━━━ RECORDED DATA ━━━
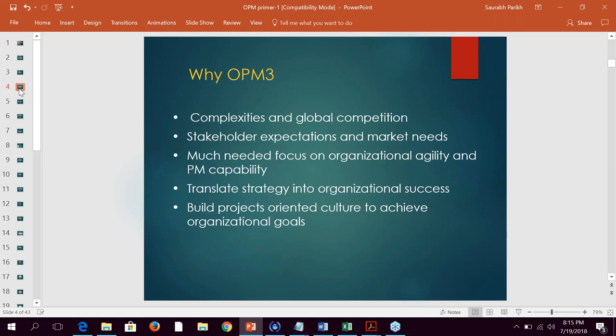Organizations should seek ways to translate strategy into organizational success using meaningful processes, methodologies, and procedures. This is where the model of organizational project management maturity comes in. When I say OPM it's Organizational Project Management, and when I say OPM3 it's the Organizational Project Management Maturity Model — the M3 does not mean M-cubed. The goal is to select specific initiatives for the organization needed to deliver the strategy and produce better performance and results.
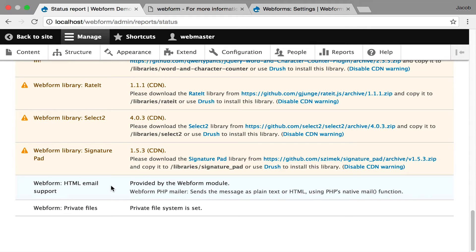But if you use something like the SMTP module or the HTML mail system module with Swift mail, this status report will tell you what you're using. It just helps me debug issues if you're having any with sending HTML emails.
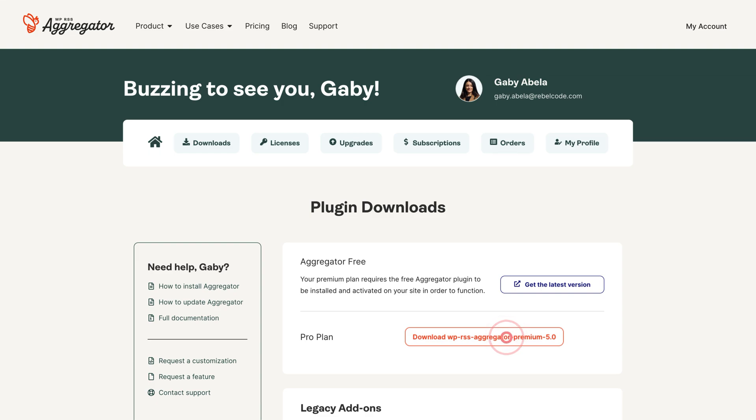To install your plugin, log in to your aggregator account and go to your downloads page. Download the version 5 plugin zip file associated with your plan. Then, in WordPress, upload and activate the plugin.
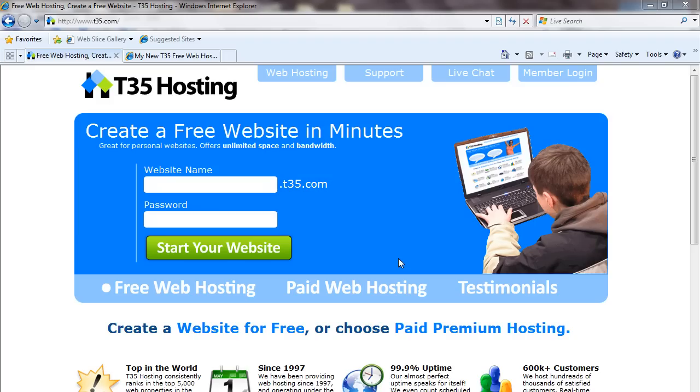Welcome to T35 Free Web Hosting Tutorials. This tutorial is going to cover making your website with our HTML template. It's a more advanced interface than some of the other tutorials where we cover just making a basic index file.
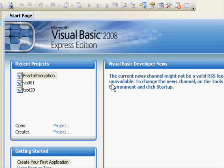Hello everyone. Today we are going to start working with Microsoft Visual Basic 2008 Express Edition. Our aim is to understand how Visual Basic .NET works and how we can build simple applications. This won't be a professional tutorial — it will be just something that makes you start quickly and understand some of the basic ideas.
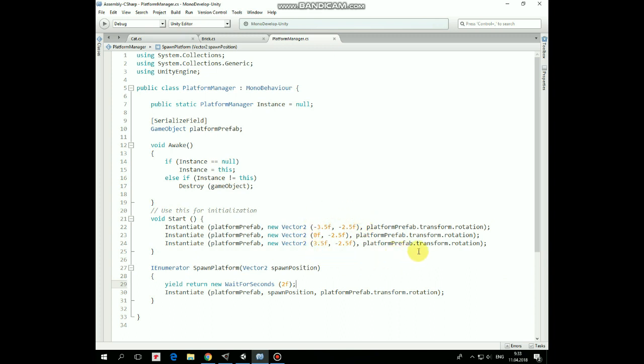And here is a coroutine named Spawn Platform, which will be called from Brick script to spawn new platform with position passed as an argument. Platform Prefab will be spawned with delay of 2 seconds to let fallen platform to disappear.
━━━
§ **EXERCISE OBJECTIVE**:
Begin at the first line of the entries above and return each line exactly, stopping after the line that contains "Welcome to T35". Pictures do not belong in the copy.

§ **RESPONSE TO THIS EXERCISE**:
Organizations should seek ways to translate strategy into organizational success using meaningful processes, methodologies, and procedures. This is where the model of organizational project management maturity comes in. When I say OPM it's Organizational Project Management, and when I say OPM3 it's the Organizational Project Management Maturity Model — the M3 does not mean M-cubed. The goal is to select specific initiatives for the organization needed to deliver the strategy and produce better performance and results.
But if you use something like the SMTP module or the HTML mail system module with Swift mail, this status report will tell you what you're using. It just helps me debug issues if you're having any with sending HTML emails.
To install your plugin, log in to your aggregator account and go to your downloads page. Download the version 5 plugin zip file associated with your plan. Then, in WordPress, upload and activate the plugin.
Welcome to T35 Free Web Hosting Tutorials. This tutorial is going to cover making your website with our HTML template. It's a more advanced interface than some of the other tutorials where we cover just making a basic index file.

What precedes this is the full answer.